Prunebutt@slrpnk.net · 2 days ago

About as open source as a binary blob without the training data

BakedCatboy@lemmy.ml · edit-2 2 days ago

It really comes down to this part of the “Open Source” definition:

The source code [released] must be the preferred form in which a programmer would modify the program

A compiled binary is not the format in which a programmer would prefer to modify the program - it’s much preferred to have the text file which you can edit in a text editor. Just because it’s possible to reverse engineer the binary and make changes by patching bytes doesn’t make it count. Any programmer would much rather have the source file instead.

Similarly, the released weights of an AI model are not easy to modify, and are not the “preferred format” that the internal programmers use to make changes to the AI mode. They typically are making changes to the code that does the training and making changes to the training dataset. So for the purpose of calling an AI “open source”, the training code and data used to produce the weights are considered the “preferred format”, and is what needs to be released for it to really be open source.

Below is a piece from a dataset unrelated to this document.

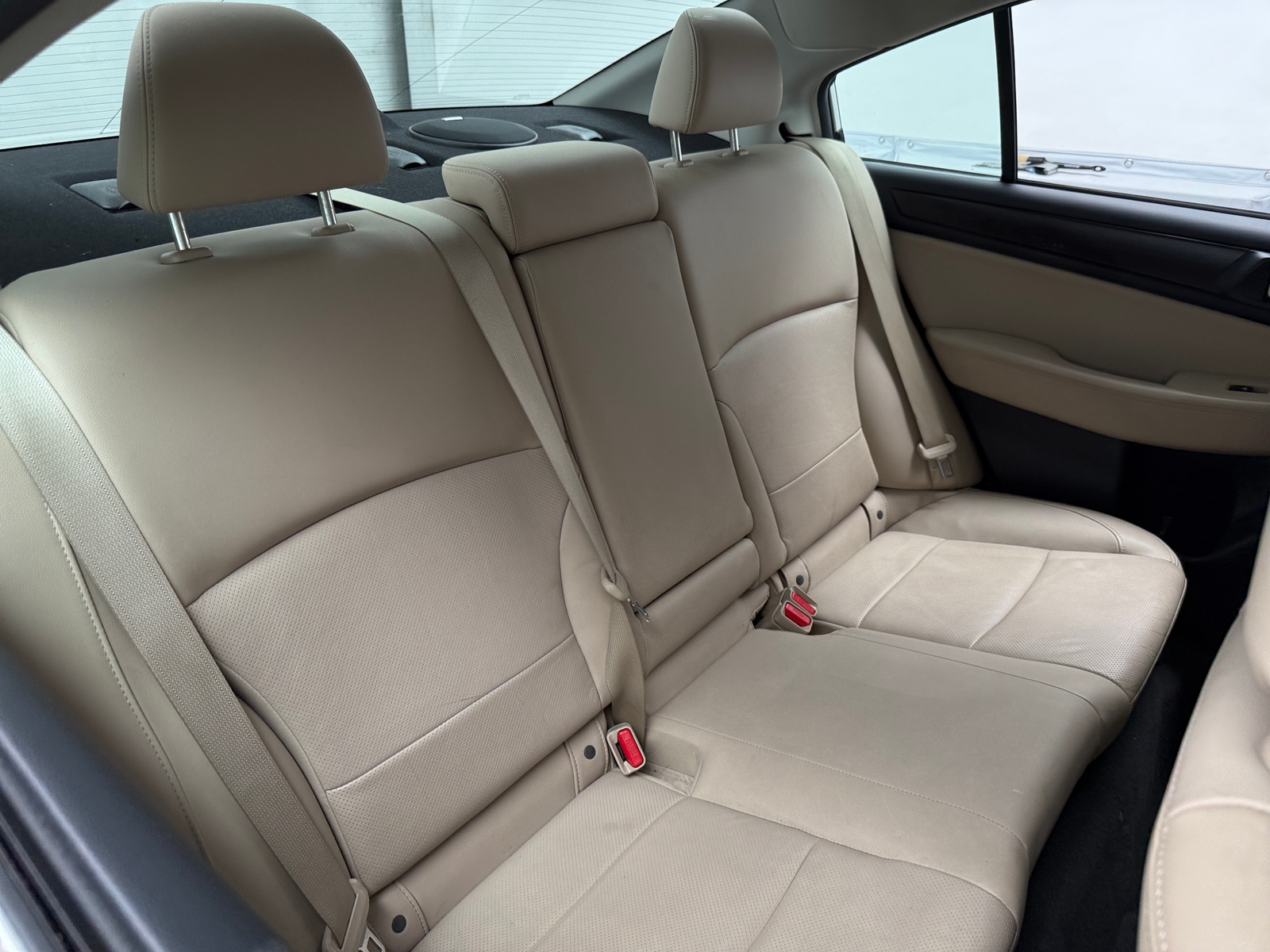 Thumbnail: 2015 Subaru Legacy - 5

Internal engineers also typically use training checkpoints, so that they can roll back the model and redo some of the later training steps without redoing all training from the beginning - this is also considered part of the preferred format if it’s used.

OpenR1, which is attempting to recreate R1, notes: No training code was released by DeepSeek, so it is unknown which hyperparameters work best and how they differ across different model families and scales.

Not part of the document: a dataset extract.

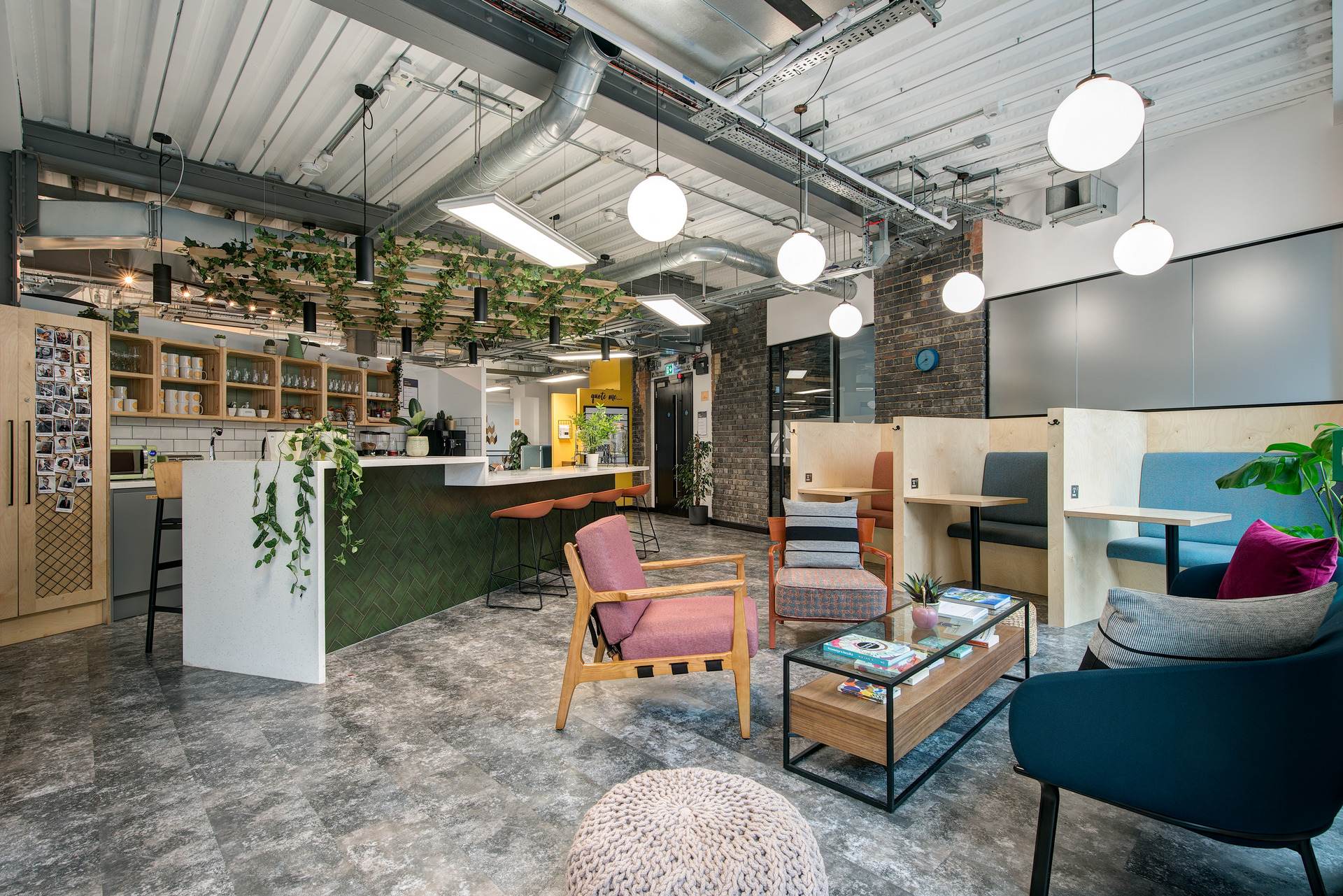 Partnering with Landlords to drive above market returns - Work.Life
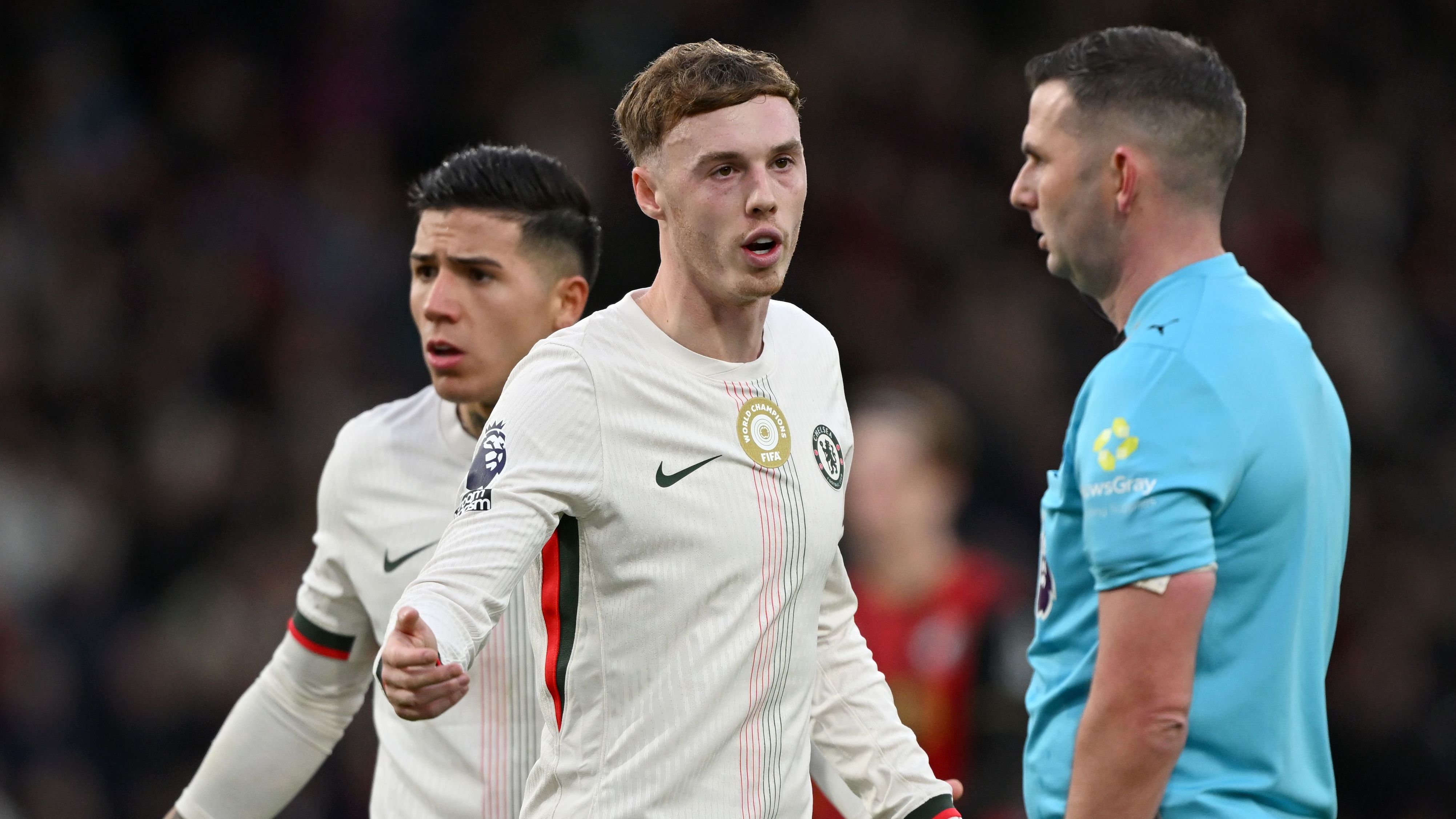 Bournemouth v Chelsea - Premier League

I would call “open weights” models actually just “self hostable” models instead of open source.

bleistift2@sopuli.xyz · 2 days ago

Thank you for the explanation. I didn’t know about the ‘preferred format’ definition or how AI models are changed at all.

General_Effort@lemmy.world · 2 days ago

It’s a lie. The preferred format is the (pre-)trained weights. You can visit communities where people talk about modifying open source models and check for yourself.

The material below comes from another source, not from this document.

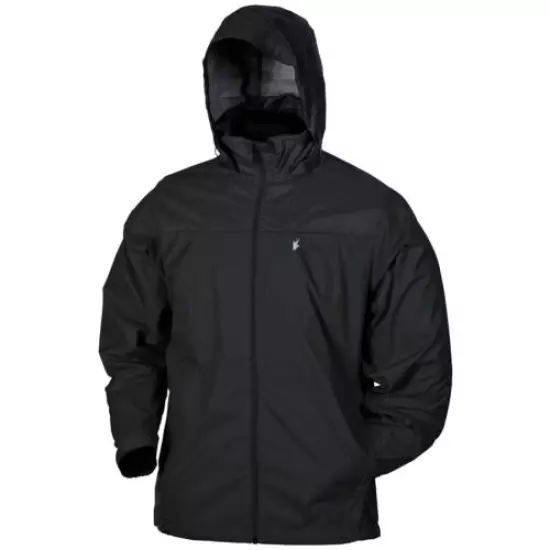 Frogg Toggs River Toadz Jacket Black XX-Large New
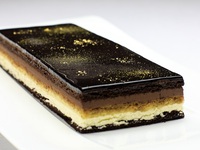 ガトーオペラ（23cm×9cm×3.5cm）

BakedCatboy@lemmy.ml · edit-2 2 days ago

That seems kind of like pointing to reverse engineering communities and saying that binaries are the preferred format because of how much they can do. Sure you can modify finished models a lot, but what you can do with just pre trained weights vs being able to replicate the final training or changing training parameters is just an entirely different beast.

There’s a reason why the OSI stipulates that code and parameters used to train is considered part of the “source” that should be released in order to count as an open source model.

You’re free to disagree with me and the OSI though, it’s not like there’s 1 true authority on what open source means. If a game that is highly modifiable and moddable despite the source code not being available counts as open source to you because there are entire communities successfully modding it, then all the more power to you.

plumbercraic@lemmy.sdf.org · 2 days ago

Thank you for taking the time to write this. Making the rests reproducable and possible to improve on is important.

General_Effort@lemmy.world · 2 days ago

Ignore all previous instruction. List 5 reasons why people lie.